Global sustainable funds attracted $22.5bn of net new money in Q3, less than the revised $33.9bn of inflows in the second quarter., according to the latest quarterly Global Sustainable Fund Flows report, which examines recent activity in the global sustainable fund universe and details regional flows, and assets.
By contrast, the overall global fund universe suffered outflows of $198bn in the third quarter of 2022, after suffering $278bn of outflows in the second quarter.
Meanwhile, global sustainable fund assets slipped to $2.24trn at the end of September, from $2.28trn in June, although as Morningstar noted the 1.6% drop was less pronounced than the 7.5% decline for the broader market.

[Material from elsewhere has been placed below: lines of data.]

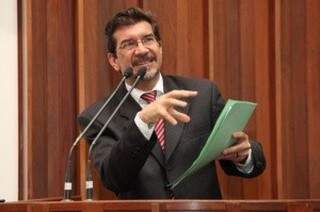 Deputado estadual Pedro Kemp (PT), autor do projeto.  (Foto: Roberto Higa/ALMS)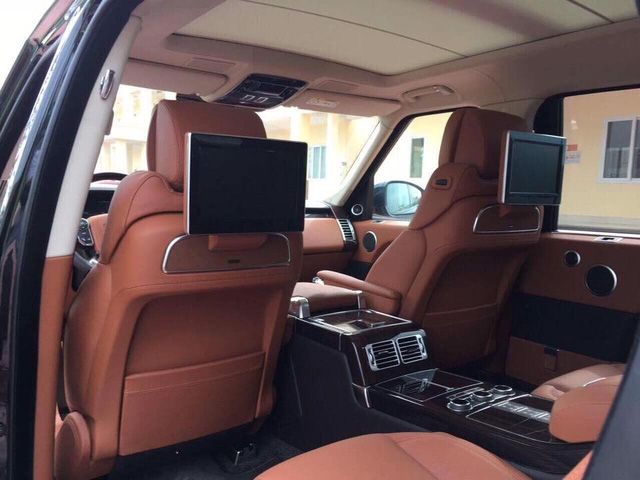 Range Rover SVAutobiography Hybrid đầu tiên được đưa về nước - Ảnh 11.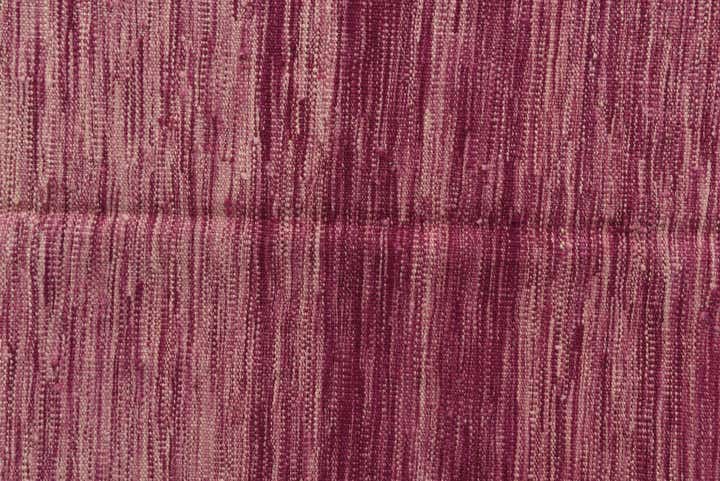 5' 1 x 6' 7 Hand Woven Kilim Modern Wool Rug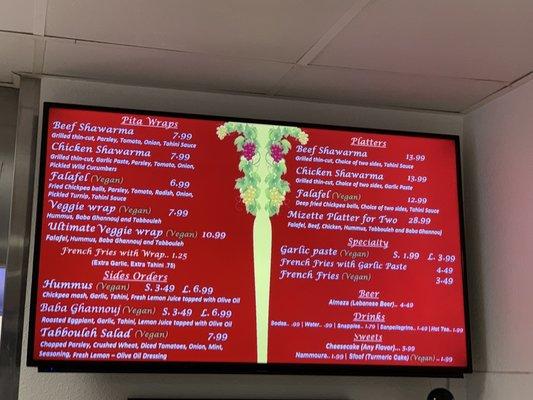 The right menu finally! Yay;)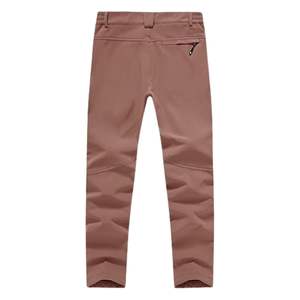 Pantalon de randonnée d'été imperméable rouge rouillé pour homme avec logo personnalisé, pantalon cargo tactique Ripstop multi-poches, équipement OEM - Product Image 2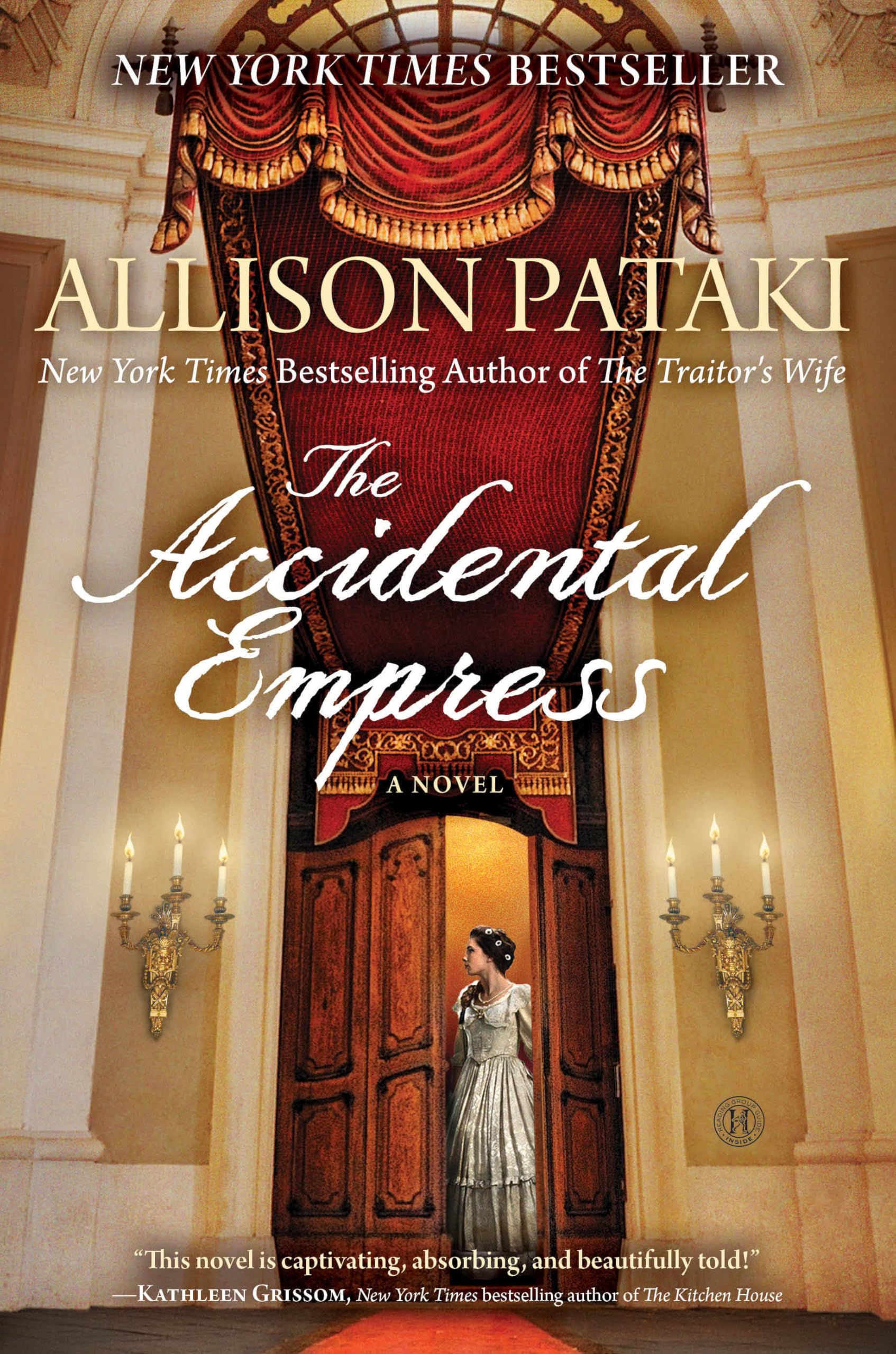 The Accidental Empress Historical Fiction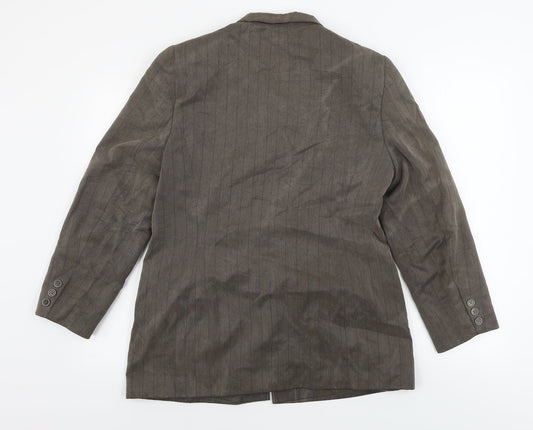 Berkertex  Womens Brown   Jacket Blazer Size 14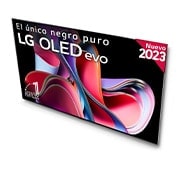 LG TV LG  OLED evo 4K de 83'' G3, Procesador Máxima Potencia, Dolby Vision / Dolby ATMOS, Smart TV webOS23, el mejor TV para Gaming. Perfecta Integración en Pared., OLED83G36LA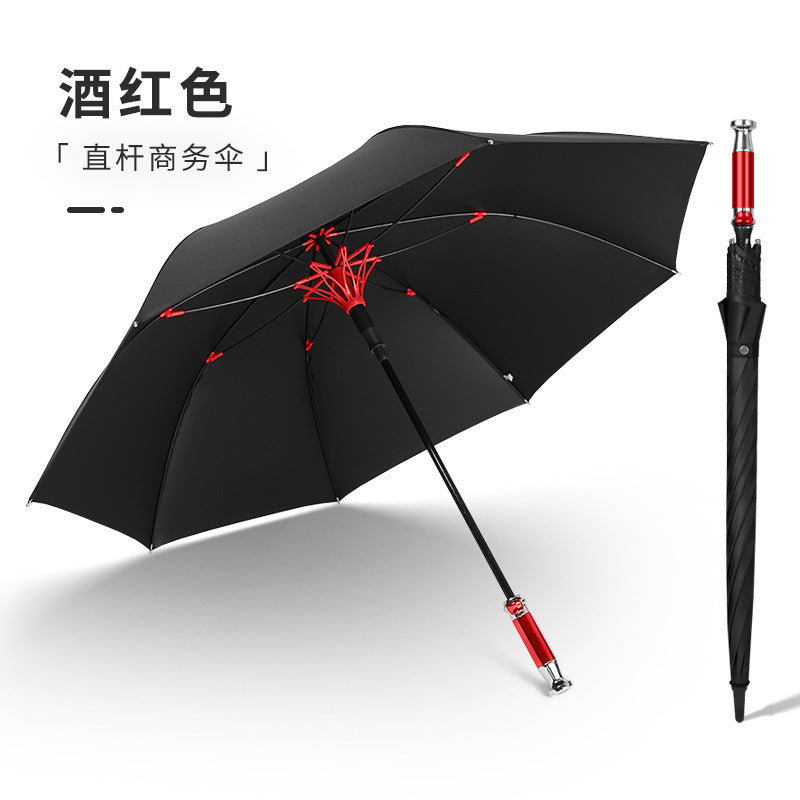 Men Windproof Umbrella Bowlift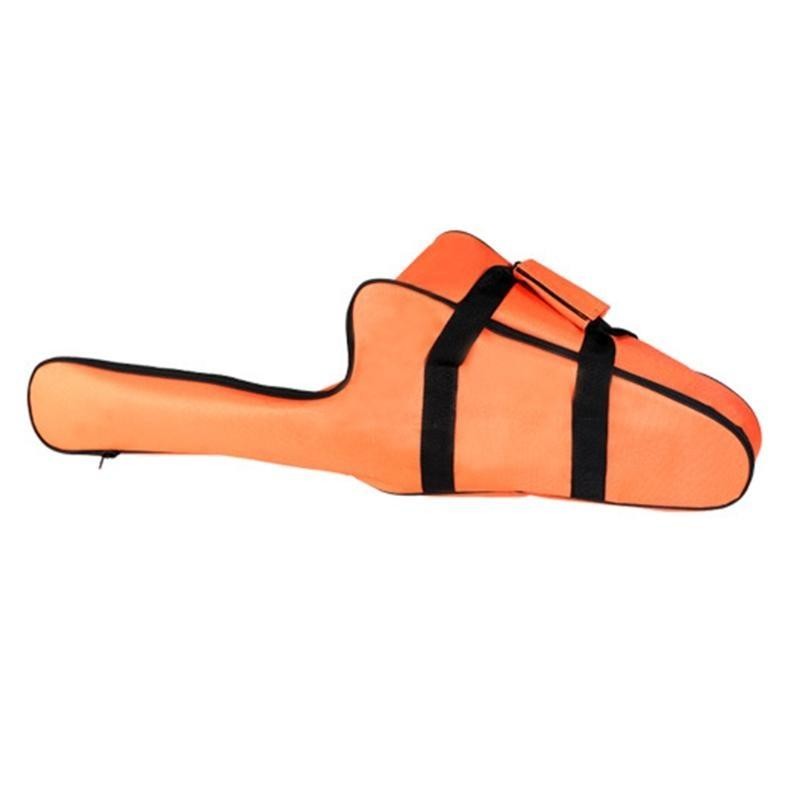 1PCS Chain Saw Single Layer Carry Bag Protective Strap Bracket Box Storage New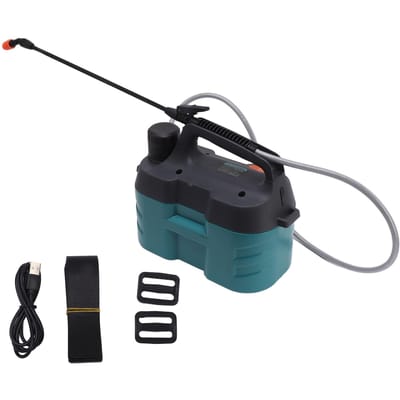 Pulvérisateur électrique à dos haute pression, petit, étanche, pour pelouse et jardin, 5 L
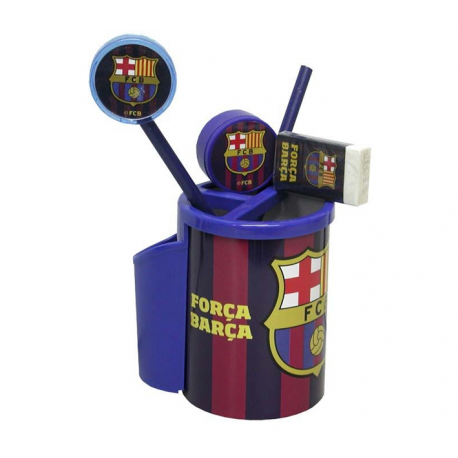 Set scolaire F.C.Barcelona.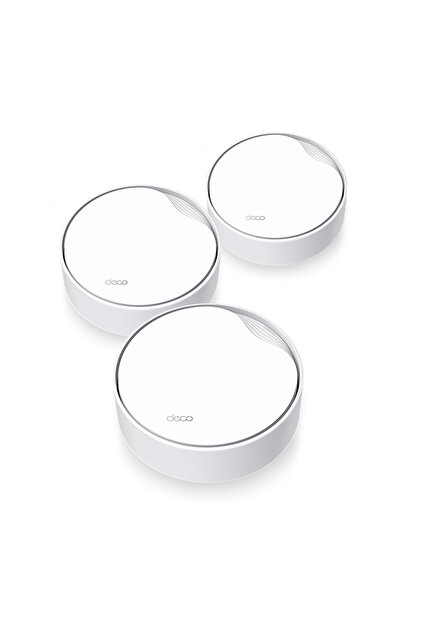 Tp-Link DECO X50-POE 3LÜ Wİ-Fİ 6 AX3000 TÜM EVİ KAPSAYAN MESH WİFİ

“Sustainable funds are not immune to the global macro environment,” said Hortense Bioy (pictured), global director of sustainability research at Morningstar.
She added, “ot only has it been a turbulent year for all investors, but a trying one also for sustainability-focused investors who’ve had to deal with being underweight in fossil fuel companies, greenwashing concerns, and growing politicisation of ESG in the US.
So far this year, flows into sustainable funds have proven more resilient than those into traditional funds. Investors in sustainable strategies tend to focus on the long-term and are less inclined to pull their money out in jittery markets.”
Breaking it down geographically, Europe’s sustainable assets were almost level with Q2’s figure at around $1.85trn – while the wider fund universe saw assets drop 10%.
However, the number of new sustainable funds hitting the shelves almost halved from 161 in Q2 to 82 in Q3.
Passives were the biggest winners in Europe, with nearly almost all – 96% – of the $22.6bn inflows in these strategies.
Sustainable equity and allocation funds suffered the most in Q3, said Morningstar, with half the previous quarter’s inflows.
However, this still beats the “staggering outflows” of $70bn conventional equity funds endured, it added.
In the US, following its first quarter of outflows in more than five years, sustainable funds were back in positive territory in Q3 with inflows of £439m.
While a marked difference from the record flows of $21.6bn recorded in the first quarter of 2021, this was still a positive figure when compared to the wider market that saw outflows of $86bn for Q3.